Data provided:
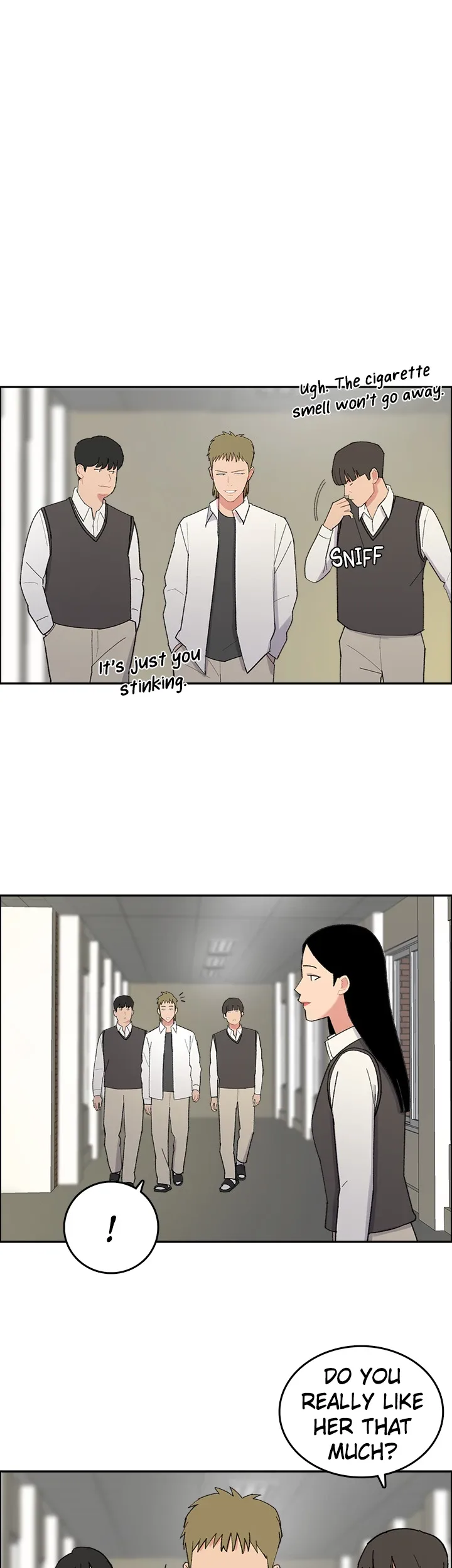 Break up Pawn Shop Chapter 22 page 2
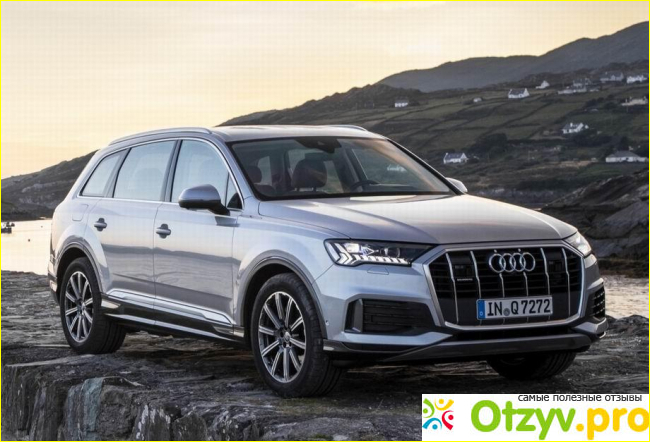 Отзыв о AUDI Q7 4.2 v8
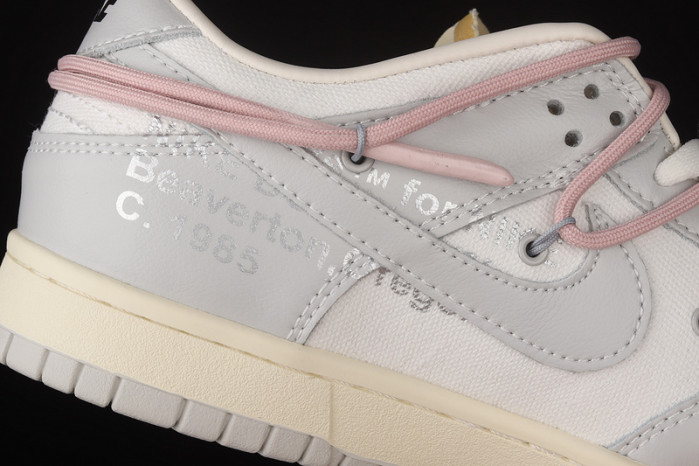 off white nike dunk low 09 of 50 ow dm1602-109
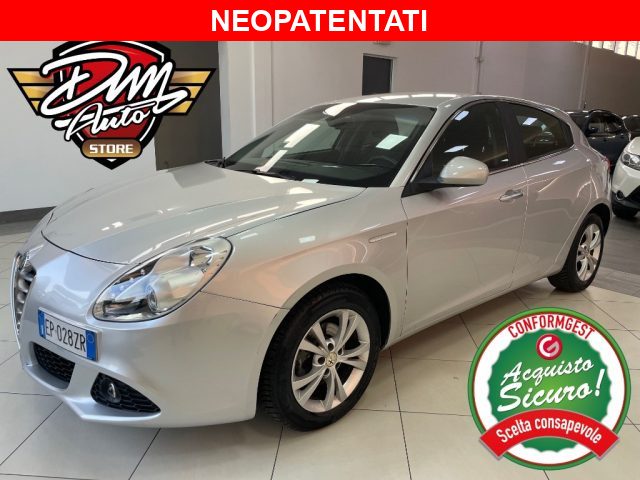 ALFA ROMEO Giulietta usata, con ABS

Task item: Could you print the listing above word for word, without its pictures?

Expected output:
 Break up Pawn Shop Chapter 22 page 2
 Отзыв о AUDI Q7 4.2 v8
 off white nike dunk low 09 of 50 ow dm1602-109
 ALFA ROMEO Giulietta usata, con ABS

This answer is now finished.